Task details: Output the full listing below exactly.

Data to process:

******************************

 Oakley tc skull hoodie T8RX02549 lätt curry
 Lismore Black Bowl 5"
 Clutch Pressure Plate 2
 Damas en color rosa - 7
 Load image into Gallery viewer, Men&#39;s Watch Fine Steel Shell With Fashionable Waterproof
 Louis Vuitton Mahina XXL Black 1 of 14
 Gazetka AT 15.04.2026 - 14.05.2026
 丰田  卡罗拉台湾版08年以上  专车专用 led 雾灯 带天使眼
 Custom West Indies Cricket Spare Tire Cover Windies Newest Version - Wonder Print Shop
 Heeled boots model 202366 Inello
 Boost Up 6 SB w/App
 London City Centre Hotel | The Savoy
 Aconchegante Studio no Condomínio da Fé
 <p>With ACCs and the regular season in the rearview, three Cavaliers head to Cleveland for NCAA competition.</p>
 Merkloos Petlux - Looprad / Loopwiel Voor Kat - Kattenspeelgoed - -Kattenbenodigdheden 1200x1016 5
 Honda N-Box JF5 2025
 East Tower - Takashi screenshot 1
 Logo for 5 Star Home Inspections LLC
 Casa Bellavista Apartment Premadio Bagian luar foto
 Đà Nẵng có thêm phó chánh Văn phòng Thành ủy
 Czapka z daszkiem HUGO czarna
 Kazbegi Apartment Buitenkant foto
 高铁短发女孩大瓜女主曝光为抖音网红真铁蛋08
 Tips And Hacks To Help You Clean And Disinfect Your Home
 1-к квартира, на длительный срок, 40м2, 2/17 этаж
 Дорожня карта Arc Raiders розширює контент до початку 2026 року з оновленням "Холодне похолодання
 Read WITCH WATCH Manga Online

******************************

Task response:
 Oakley tc skull hoodie T8RX02549 lätt curry
 Lismore Black Bowl 5"
 Clutch Pressure Plate 2
 Damas en color rosa - 7
 Load image into Gallery viewer, Men&#39;s Watch Fine Steel Shell With Fashionable Waterproof
 Louis Vuitton Mahina XXL Black 1 of 14
 Gazetka AT 15.04.2026 - 14.05.2026
 丰田  卡罗拉台湾版08年以上  专车专用 led 雾灯 带天使眼
 Custom West Indies Cricket Spare Tire Cover Windies Newest Version - Wonder Print Shop
 Heeled boots model 202366 Inello
 Boost Up 6 SB w/App
 London City Centre Hotel | The Savoy
 Aconchegante Studio no Condomínio da Fé
 <p>With ACCs and the regular season in the rearview, three Cavaliers head to Cleveland for NCAA competition.</p>
 Merkloos Petlux - Looprad / Loopwiel Voor Kat - Kattenspeelgoed - -Kattenbenodigdheden 1200x1016 5
 Honda N-Box JF5 2025
 East Tower - Takashi screenshot 1
 Logo for 5 Star Home Inspections LLC
 Casa Bellavista Apartment Premadio Bagian luar foto
 Đà Nẵng có thêm phó chánh Văn phòng Thành ủy
 Czapka z daszkiem HUGO czarna
 Kazbegi Apartment Buitenkant foto
 高铁短发女孩大瓜女主曝光为抖音网红真铁蛋08
 Tips And Hacks To Help You Clean And Disinfect Your Home
 1-к квартира, на длительный срок, 40м2, 2/17 этаж
 Дорожня карта Arc Raiders розширює контент до початку 2026 року з оновленням "Холодне похолодання
 Read WITCH WATCH Manga Online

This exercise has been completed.